Nous avons au cours de la première séquence, donné physiquement une définition du timbre. Nous avons insisté sur la nature « plurielle » des éléments qui le composent et qui en définissent par cela même sa nature et surtout le nombre infini de combinaisons possibles entre les différentes composantes spectrales !
Nous allons approfondir cette analyse en nous préoccupant à présent des influences que peuvent apporter les variations d’autres paramètres tels l’intensité, la durée et l’espace sur la perception timbrale. En effet, ces variables ne sont pas « étanches » les unes par rapport aux autres : le fait même d’en modifier une, se répercute sur l’autre soit de façon réelle c’est-à-dire évaluable physiquement ou subjective c’est-à-dire perceptible à l’oreille donc à travers le décodage du cerveau. La perception timbrale dans son ensemble relève en effet de la somme de toutes ces quantités psychoacoustiques que va évaluer et rassembler notre cerveau.
L’effet Stevens
Fig 1 : diagramme de Stevens |
L’expérience porte sur des sons simples donc sinusoïdaux. Sur une fréquence donnée et physiquement constante, par exemple 5000 Hz on augmente l’intensité en la faisant varier par exemple de 40 à 90 dB. L’auditeur croit en toute bonne foi avoir entendu monter le son dans l’aigu. Et cela environ de 40 Savarts c’est-à-dire presque un ton (un ton « tempéré » = 50 Savarts) Il s’agit là en effet d’une variation virtuelle de la hauteur, qui ne relève que de la perception humaine et non pas d’un appareil de mesure. Pour des fréquences inférieures à 1000 Hz, c’est l’inverse. On va avoir l’impression que le son plonge dans le grave lorsqu’on augmente son intensité. ( Voir schéma 1) Cela se nomme l’effet Stevens.

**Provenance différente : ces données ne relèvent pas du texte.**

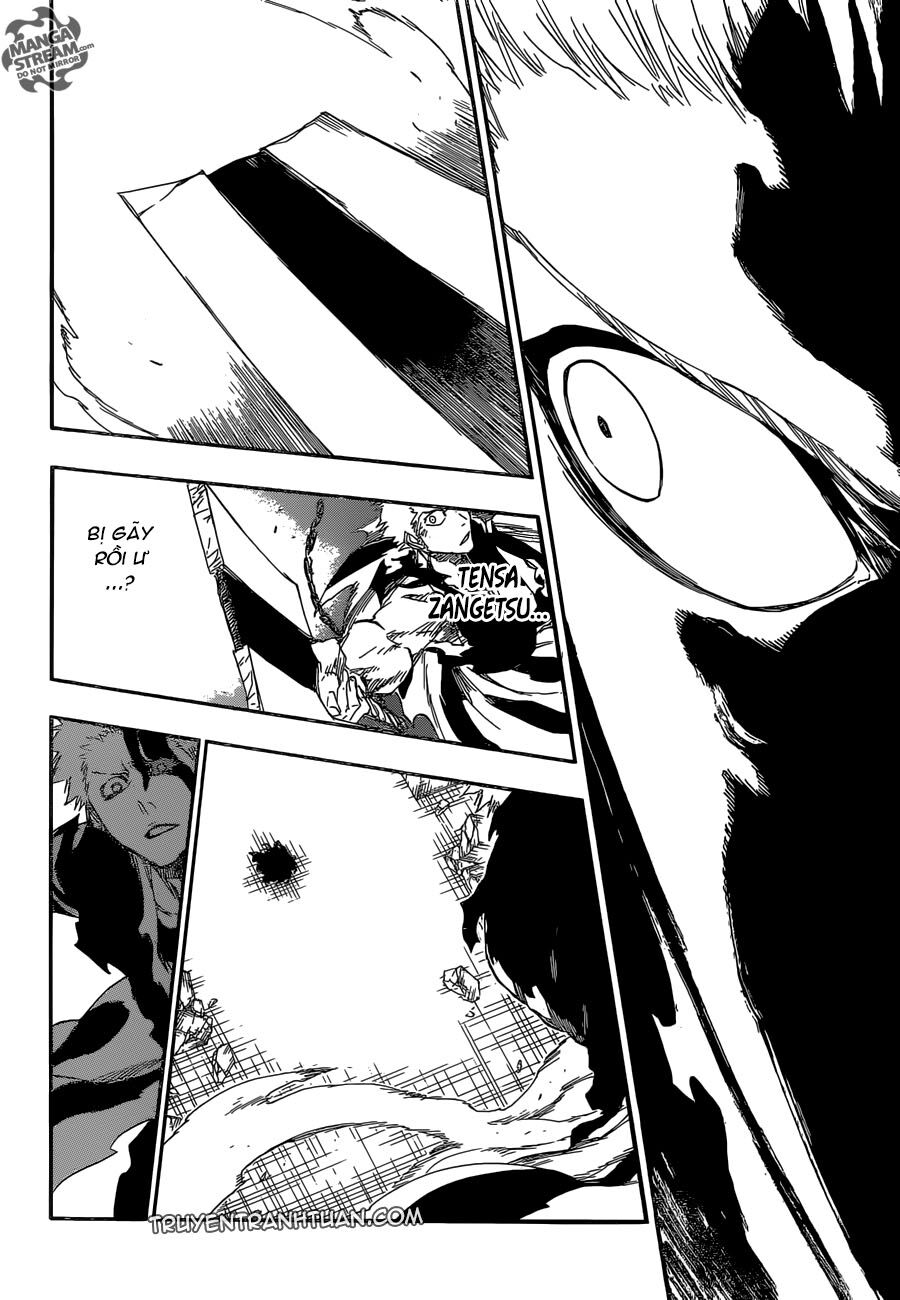 Thần Chết Ichigo: Chapter 678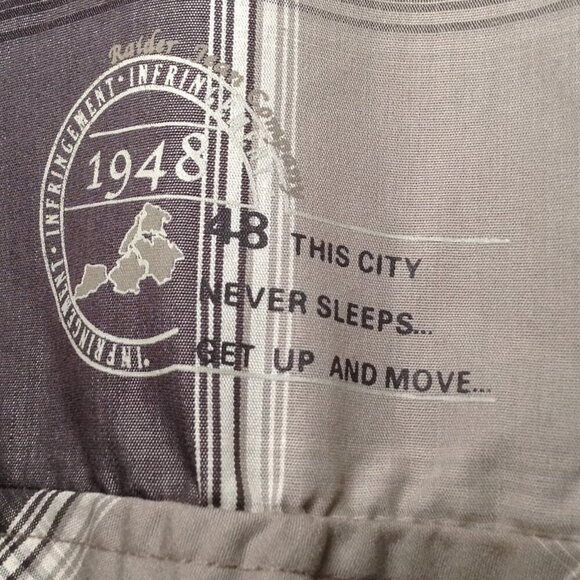 VINTAGE Raider Jean Co. Infringement 1948 XXL, Western, Retro Rodeo, VintageVibe - Picture 5 of 5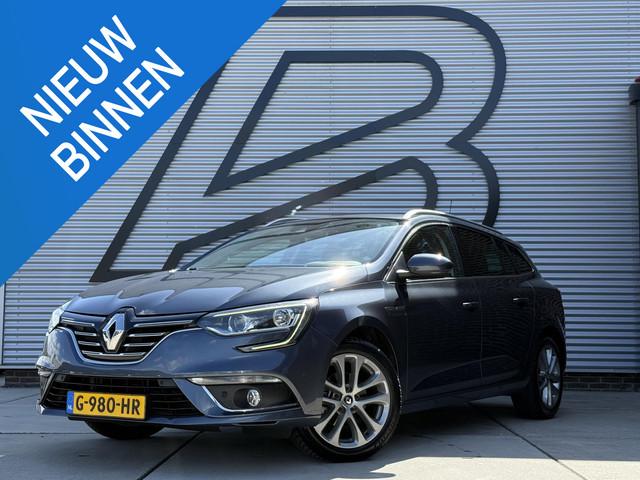 Renault Megane 2019 Benzine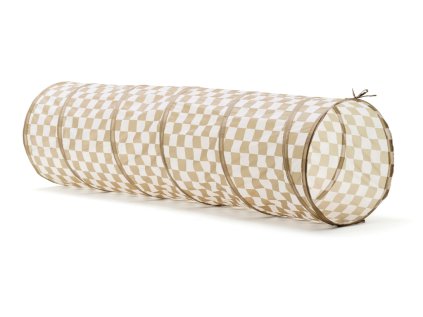 Dětský tunel na hraní - khaki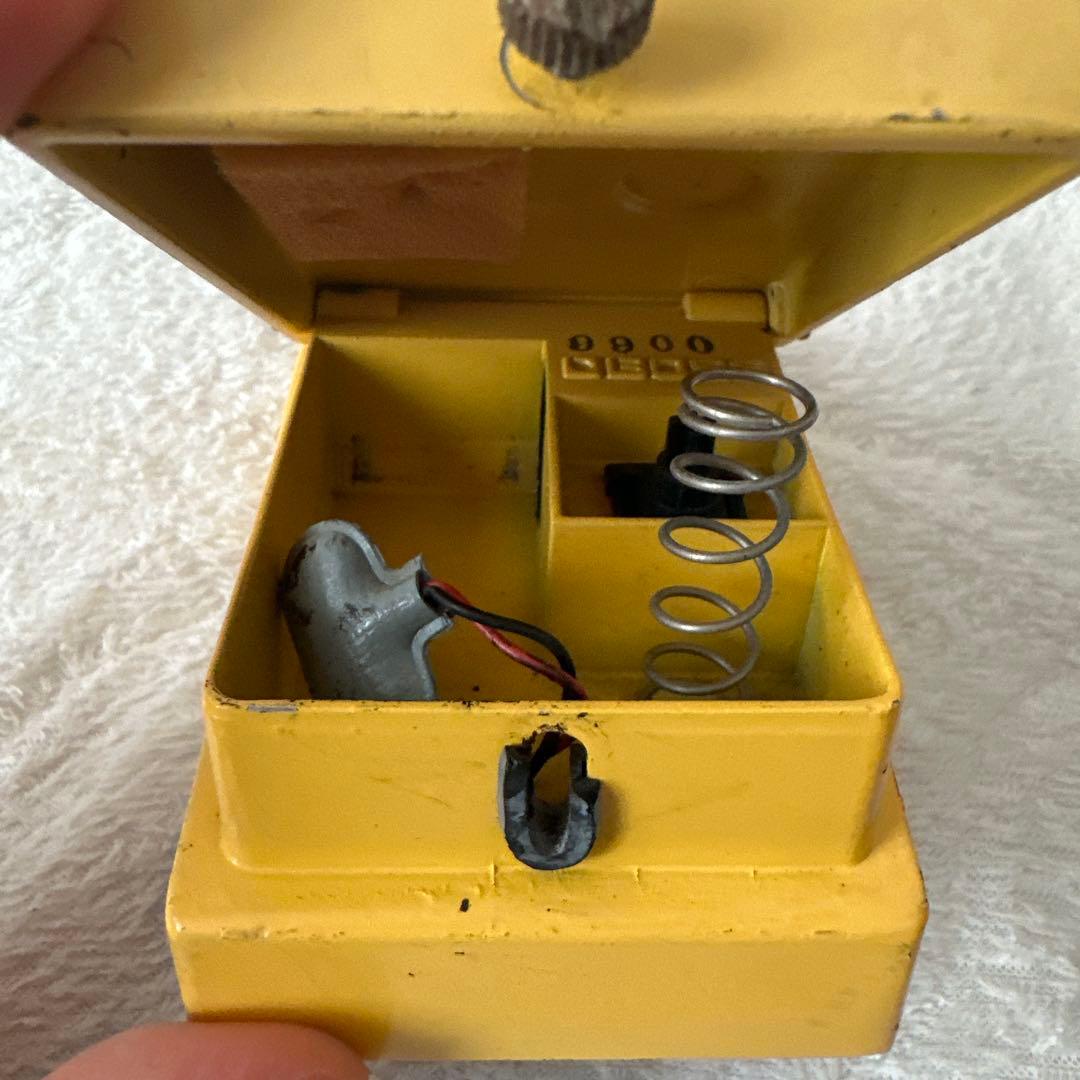 プロモ用 BOSS Over Drive OD-1 銀ネジ 日本製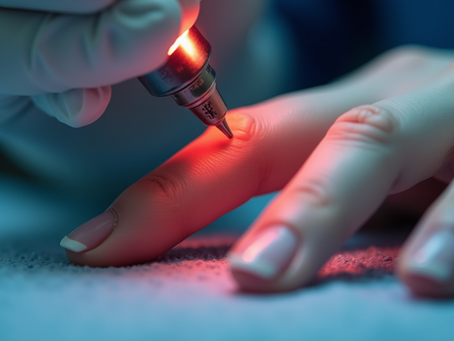 Achieve Healthy Skin with Laser Nail Treatments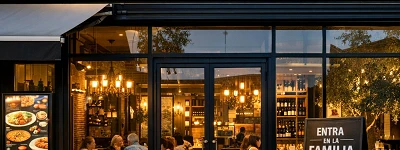 Anulación de la marca La Mafia se sienta a la mesa (IA)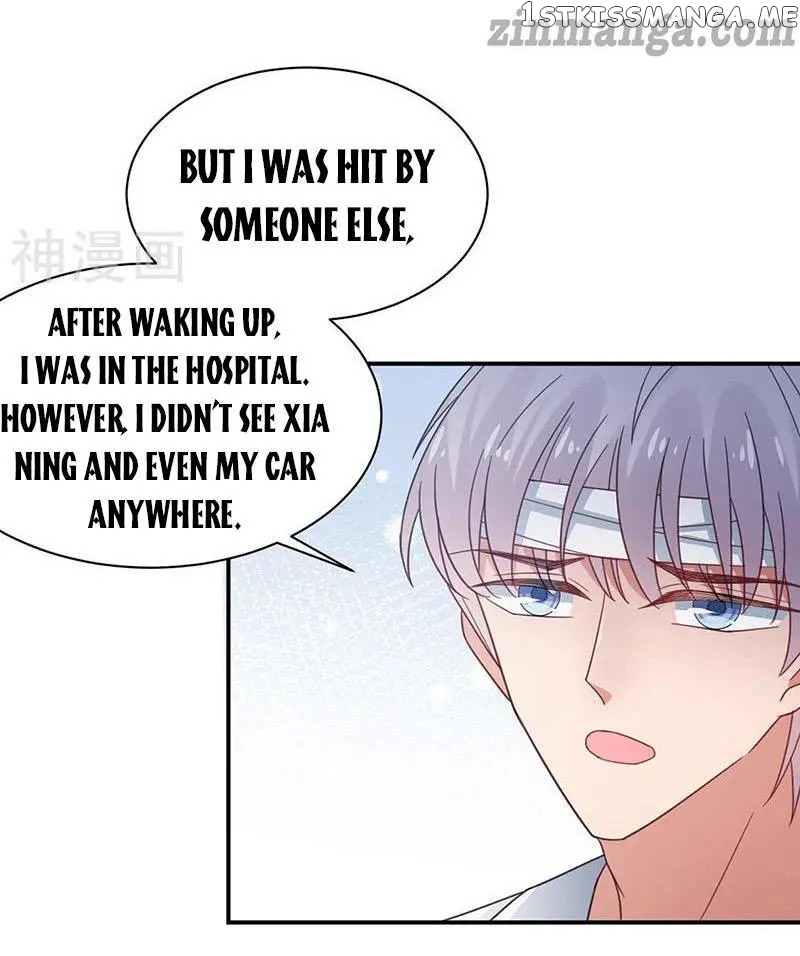 Blossoming Sweet Love chapter 118 - page 15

Conséquences de l’effet Stevens
Fig 2 : sensation d’éloignement des harmoniques de leur justesse réelle, |
Une variation réelle de l’intensité sur les composantes du spectre entraîne une variation subjective du timbre.
Dans le cas d’un signal complexe donc pour la majorité des sons qui nous entourent, lors d’une variation progressive de l’intensité d’un son, chaque composante va vivre individuellement son propre effet Stevens. On peut alors imaginer comment notre oreille peut percevoir de manière « décalées » les composantes du spectre lors par exemple d’un crescendo à la trompette. Peut-on encore parler de spectre harmonique si certaines fréquences un peu taquines se mettent à nous faire croire qu’elles sont un peu plus hautes ou plus basses que la réalité ? Il y a donc bien au niveau de notre oreille, une sensation d’évolution timbrale lorsque l’intensité augmente.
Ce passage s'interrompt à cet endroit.